Una volta accertata la presenza di noduli tiroidei, generalmente si effettuano ulteriori approfondimenti diagnostici, in particolare:

  • Valutazione ormonale: TSH, FT4, FT3, AbTg, AbTPO, Calcitonina.
  • Ecografia tiroidea: è l’esame di prima scelta. Di semplice esecuzione, non invasivo, consente di valutare sia le dimensioni che le caratteristiche ecostrutturali dei noduli e di evidenziare segni di sospetto ecografico: microcalcificazioni, vascolarizzazione intra-nodulare, irregolarità dei margini del nodulo, nodulo “taller than wide”, più alto che largo e presenza di linfonodi metastatici.
  • Agoaspirato ecoguidato con ago sottile: è indicato in presenza di un nodulo singolo o di un nodulo sospetto nell’ambito di un gozzo multinodulare. Il campione di cellule così raccolto viene sottoposto ad esame citologico consentendo di distinguere, un nodulo benigno da un nodulo sospetto.
  • Scintigrafia tiroidea: fornisce eventuali informazioni aggiuntive sul comportamento funzionale della tiroide e dei noduli tiroidei.
  • Test genetici: l’esecuzione può essere indicata nel caso di un carcinoma midollare della tiroide, dal momento che questo tipo di tumore può avere un andamento familiare ed essere parte di sindromi genetiche quali la sindrome neoplastica endocrina tipo 2 (MEN2).
  • TAC, RMN e PET/CT: consentono la stadiazione del tumore identificando le possibili sedi di diffusione della malattia.

Trattamento.

Trattamenti chirurgici

In tutti i casi di carcinoma della tiroide, la chirurgia rappresenta la prima opzione terapeutica.
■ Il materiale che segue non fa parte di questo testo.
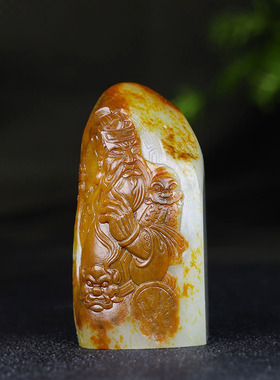 （古晨珠宝）新疆和田玉白玉籽料俏雕关公手把件手玩忠义两全134g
Generalmente, in presenza di un tumore della tiroide viene eseguita di routine la tiroidectomia totale. La linfadenectomia del compartimento centrale (VI livello) è sempre eseguita in presenza di un carcinoma midollare, mentre in presenza di un carcinoma differenziato (follicolare o papillare) deve essere valutata nel contesto del singolo caso.

Trattamenti non chirurgici

Dopo l’intervento di tiroidectomia è generalmente indicata l’ablazione del residuo tiroideo mediante iodio-131. Lo scopo della Terapia Radiometabolica con iodio 131 è distruggere il tessuto tiroideo normale che quasi sempre residua anche dopo una tiroidectomia totale ed eliminare eventuali microfocolai neoplastici presenti all’interno dei residui tiroidei o in altre sedi. Un secondo fine di questa terapia è rendere più efficace il follow-up mediante il dosaggio della Tireoglobulina sierica e l’eventuale esecuzione della scintigrafia total-body con iodio 131. 

La terapia radiante e la chemioterapia sono infine indicate nel caso di tumori altamente aggressivi e inoperabili o in quelli caratterizzati da de-differenziazione.

Follow-up.

Il follow up è differente a seconda del tipo di carcinoma della tiroide che è stato trattato. Nel Carcinoma differenziato della tiroide, i pazienti sono trattati con ormone tiroideo (L-Tiroxina) ad un dosaggio tale da mantenere ridotti livelli di TSH e vengono periodicamente sottoposti ad ecografia del collo e alla determinazione dei livelli circolanti di TSH, FT4, FT3, AbTg e tireoglobulina (quest’ultima costituisce un buon marker di malattia nel paziente tiroidectomizzato). In casi selezionati anche può essere indicato valutare la risposta della tireoglobulina dopo stimolo con hr-TSH e/o procedere ad una Scintigrafia totale corporea con iodio 131. Nel Carcinoma midollare della tiroide, dopo l’intervento, i pazienti effettuano una terapia con ormone tiroideo (L-Tiroxina) al fine di ovviare all’ipotiroidismo conseguente alla rimozione della tiroide, e vengono periodicamente rivalutati previo dosaggio di TSH, FT4, FT3 e calcitonina.